Betrug mit falschen Textnachrichten
Längst nicht jede Nachricht auf dem Handy, die vorgeblich von der Tochter oder dem Sohn kommt, muss echt sein. Findige Betrüger nutzen die Sorge um die eigenen Kinder skrupellos aus und ergaunern damit Millionen.
So oder so ähnlich lauten die Nachrichten, die Betrüger massenhaft an Handynummern per SMS oder WhatsApp versenden: "Hallo Papa (oder 'Hallo Mama'), mein Handy ist kaputt, das ist meine neue Handynummer, kannst Du mir eine Nachricht per WhatsApp schicken?" Wer antwortet, bekommt kurze Zeit später weitere Nachrichten. Der vermeintliche Sohn oder die vermeintliche Tochter versucht nun das Vertrauen des Opfers zu erschleichen.
Überweisung ergaunern
Immer mit einem Ziel: Der Adressat soll Geld auf ein ihm unbekanntes Konto überweisen. Dafür erfinden die Täter Geschichten wie diese: Das Onlinebanking funktioniere nicht, es müsse aber schnell eine Rechnung beglichen werden, am besten per Echtzeitüberweisung. Viele Eltern helfen gerne aus und tappen in die Falle.
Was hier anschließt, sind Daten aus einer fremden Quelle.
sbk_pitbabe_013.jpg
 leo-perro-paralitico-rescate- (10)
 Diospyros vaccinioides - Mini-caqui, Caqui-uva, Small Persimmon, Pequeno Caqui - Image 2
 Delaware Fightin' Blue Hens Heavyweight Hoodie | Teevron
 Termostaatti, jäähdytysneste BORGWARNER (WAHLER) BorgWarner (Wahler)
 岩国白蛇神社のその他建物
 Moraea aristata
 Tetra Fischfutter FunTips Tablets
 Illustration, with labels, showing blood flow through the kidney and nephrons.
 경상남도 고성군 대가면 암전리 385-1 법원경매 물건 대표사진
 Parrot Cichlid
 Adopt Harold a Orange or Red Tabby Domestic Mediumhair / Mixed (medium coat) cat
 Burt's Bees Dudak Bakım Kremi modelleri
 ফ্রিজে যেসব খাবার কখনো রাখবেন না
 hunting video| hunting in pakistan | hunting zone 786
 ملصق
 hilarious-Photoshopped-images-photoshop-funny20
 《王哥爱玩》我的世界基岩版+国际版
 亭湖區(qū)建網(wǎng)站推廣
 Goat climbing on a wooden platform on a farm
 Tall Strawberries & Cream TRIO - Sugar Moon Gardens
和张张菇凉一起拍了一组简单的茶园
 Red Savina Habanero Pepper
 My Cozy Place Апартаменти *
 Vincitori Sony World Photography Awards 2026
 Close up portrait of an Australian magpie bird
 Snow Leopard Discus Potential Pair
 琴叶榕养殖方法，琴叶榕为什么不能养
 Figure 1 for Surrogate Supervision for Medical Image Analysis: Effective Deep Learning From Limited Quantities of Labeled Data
Wolfgang Gerdes aus Niedersachsen ist Opfer dieser Masche geworden und will nun andere warnen. Ihn haben die Täter dazu gebracht, 2.720 Euro zu überweisen, auf ein Konto bei einer Bank in Deutschland, angeblich für eine "alte Wartungsrechnung". Als er den Betrug bemerkt, ist es zu spät, das Geld ist längst auf dem von den Betrügern genutzten Geldwäschekonto. Für Gerdes eine traumatische Erfahrung: "Da war zuerst die Wut, dass ist, dass man reingefallen ist. Dann der Ärger über den Verlust des Geldes. Und später kam eine tiefe Verletztheit. Eigentlich auch, dass man in der Persönlichkeit verletzt ist."
Zahlen steigen
Das Landeskriminalamt in Niedersachsen beobachtet einen sprunghaften Anstieg solcher Taten. Im vergangenen Jahr waren es in Niedersachsen im Schnitt 750 Taten monatlich mit insgesamt fünf Millionen Euro Schaden. In diesem Jahr waren es bereits im Schnitt 1.400 Taten im Monat mit insgesamt schon jetzt 1,5 Millionen Euro Schaden. Im gesamten Norden ist die Tendenz ähnlich.
In den meisten Fällen versuchen die Täter ihre Opfer schnell zu überrumpeln. Wer obendrein noch die angeblich neue Nummer unter dem Namen des eigenen Kindes abspeichert, glaubt schnell, dass alles in Ordnung sei. Kriminalhauptkommissar Hans-Joachim Henschel vom LKA Hannover warnt vor unüberlegten Überweisungen. Es gebe keinen Grund die vermeintliche Rechnung eines Angehörigen sofort zu überweisen. Er empfiehlt: "Zuerst in Ruhe nachfragen beim echten Kind. Die Originalnummer, die ich noch eingespeichert habe, anrufen, mit dem Kind sprechen und fragen, ist das wirklich deine Rufnummer?" Dann würde sich in der Regel herausstellen, dass hier jemand betrügen wolle.
Bankkonten in Deutschland
Viele Taten werden über Konten in Deutschland abgewickelt. Für Rechtsanwalt Achim Tiffe aus Hamburg ist das Teil der Masche: "Das deutsche Konto ist eigentlich nur dazu da, damit die Leute das Gefühl haben, das wird schon in Ordnung sein. Das ist so in der räumlichen Nähe. Das geht jetzt nicht irgendwo ins Ausland."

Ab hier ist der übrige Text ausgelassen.